My name is Sam Burchfield and I play guitar as well as sing.
What is the earliest memory you can recall of listening to music at a young age?
My earliest memory of listening to music is probably listening to MJ's Thriller,
best of Earth Wind & Fire and the KC & The Sunshine Band while my Mom
did her stair stepping exercises in the basement. I still have a weird affinity
towards “boogie shoes” from those memories of her picking me up and
swinging me around while she grooved out to some disco and funk.
Growing up in the Georgia area, what kinds of things did you do as a child
that you have fond memories of?
Well, I grew up in Seneca, SC. A pretty small southern town. My fondest
memories growing up were going out in our back yard (we always had an
awesome wooded back yard) and pretending to fight bad guys. Me and my
best friends would either be Robin Hood, or Lord of the Rings guys, or Jedi,
or whatever. We totally let our imaginations just run wild in those woods. If I
wasn’t doing that outside, I was doing it inside playing with my ever-growing
lego collection. For most of my life I wanted to be a professional lego builder
I’m pretty sure... I kind of still do if we’re being completely honest here...
Can you remember an experience where music had such a profound impact on
your life that still resonates to this day?
I grew up in the Church, and there was a very simple song called Sanctuary. It’s
one of those songs that sort of repeats the same simple melody and you would
sing around the campfire over and over. I really loved the song, but it sort of
became imprinted on my heart and soul when my best friend’s Mom passed
away... He asked me to play the song at her funeral, and it was the toughest
thing I’ve ever done. That song will always have a very special place in my
Take us behind the recording process for "Where to Run" and what it was like
from a production standpoint?
“Where to Run” was a very long process, not because we were in the studio
for 6 months, but because I was still a full time student and we really had to
find the time to work around busy schedules. Because it was done while I was
in school, and on a budget, it sort of was put together like an old patchwork
quilt. I think the best part was being able to collaborate with some great
friends and musicians. Spencer Smith, Phil Scheidt, Zach Wells and myself
met up in Nashville to figure out what these songs would be like in full band
instrumentation. Then we tracked drums and bass together in Athens, GA at
Domus Sound. That was neat because it was my first real experience recording
in a studio that wasn’t my basement. Most of the other aspects of the album
were done with Daniel Infield in his house studio in Atlanta. It was interesting
because we would record something somewhere one weekend, and then I’d
listen to it and tweak the sound all through the week during classes. I loved
seeing everything finally come together, but I definitely think the next project
will be less spread out and probably done in one central studio.
What are some of your favorite songs you've ever written and how have they
shaped you into the man you've become?
My newer songs are certainly my favorite. Not because I don’t like the
old ones, but because they are very personal to where I am right now. I think
writing songs is really just unloading your own personal closet and laying it all
out there for the world to see.

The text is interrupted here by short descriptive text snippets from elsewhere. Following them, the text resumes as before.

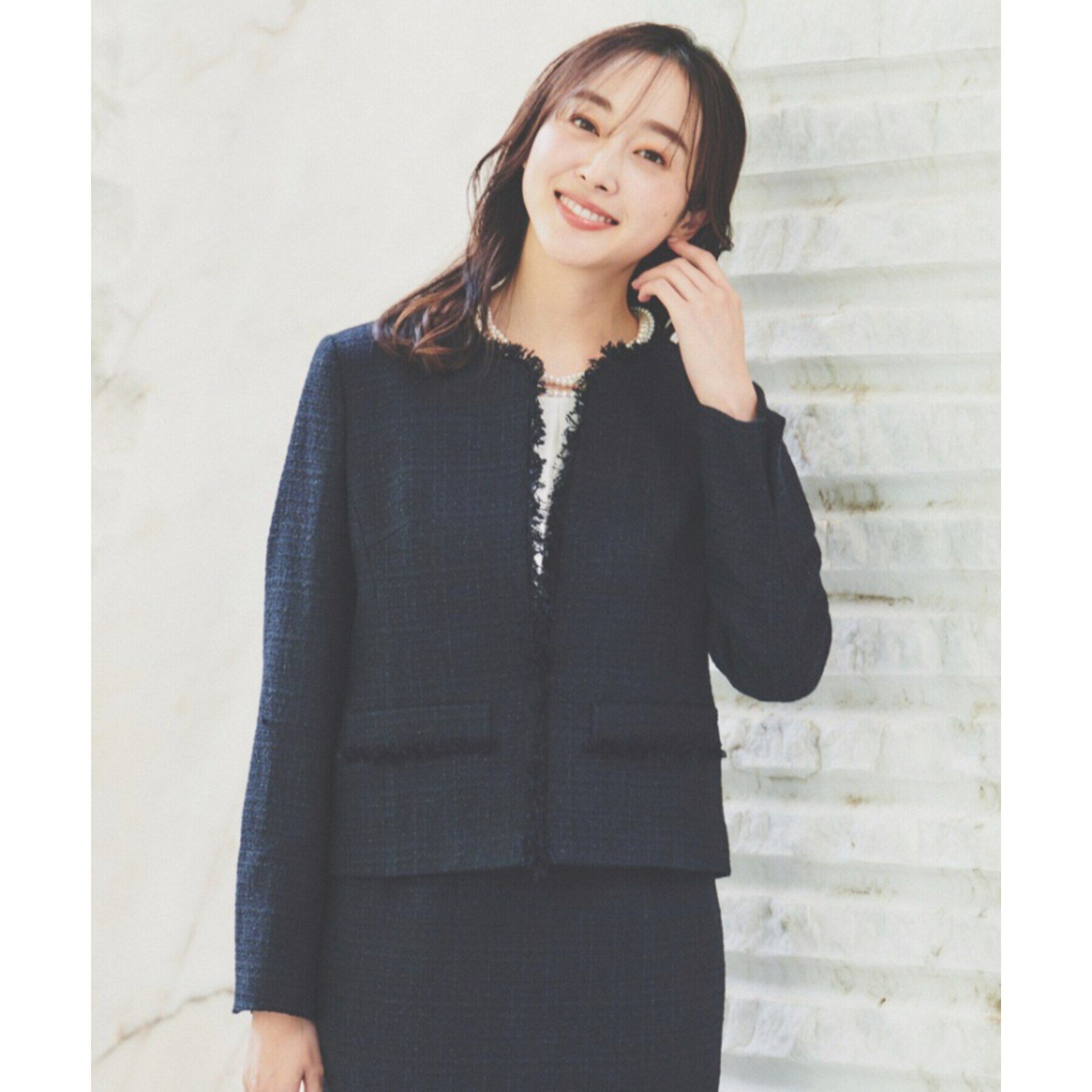 UNTITLED「【入卒/セレモニー/通勤】ラメツイード ノーカラージャケット」|ノーカラージャケット|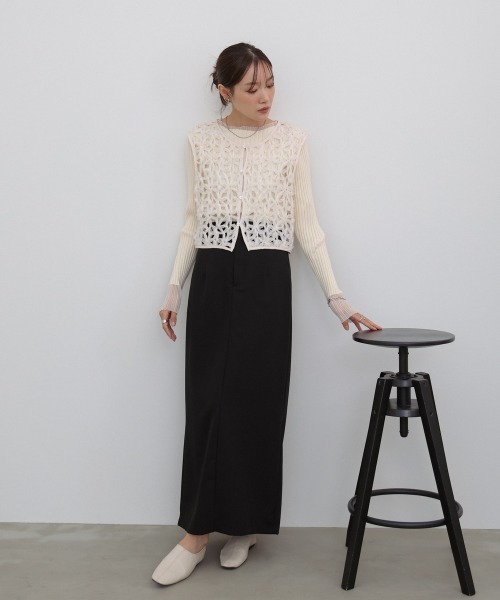 BAB（バブ） ベスト ジレ 前後2WAYフラワーレースベスト レディース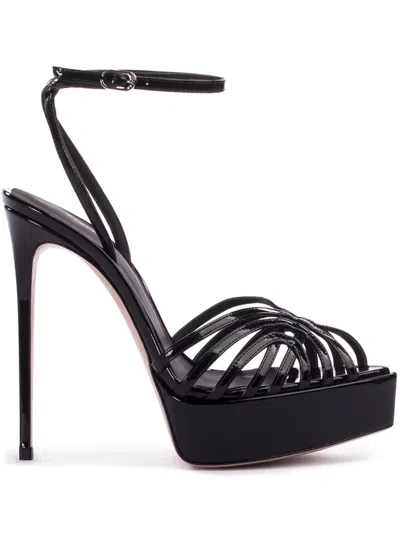 Le Silla Embrace High Heel Platform Sandals Strappy In Black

Sometimes that is happy things like love, but
some times it isn’t. I think writing these songs has made me write out the
things that are important to me. I’m out here trying to work so hard to play
music for people, trying to make that my life, but at the same time I realize
that me working too much actually is taking away from other relationships in
my life. It’s a dangerous crossroads, and is something that I’m still learning to
balance... still being shaped, but writing songs makes you do that instead of
just being complacent where you are.
Describe what it was like to audition for American Idol and what did you gain
from that experience?
Idol was a lot of fun, and very exciting. I’ve probably lost all of that
excitement now that I’m on the other side of things. I think the biggest take
away was realizing what was important to me. I auditioned on a whim, and the
next thing I knew I was looking at a fat contract and my life flashing before my
eyes. When I decided to turn down going to Hollywood, it was honestly a big
relief. I had to decide between releasing my original EP, or taking a chance
doing this reality show and singing covers. Nothing’s wrong with the latter,
but I think when I was forced to choose, it really made me look at why. What’s
important to me is not popularity and stability, but rather the relationships
and personal connections I get to make playing music. Idol actually helped me
realize my originality and take ownership of that. I really came away from it
embracing myself as an artist, as opposed to just a singer.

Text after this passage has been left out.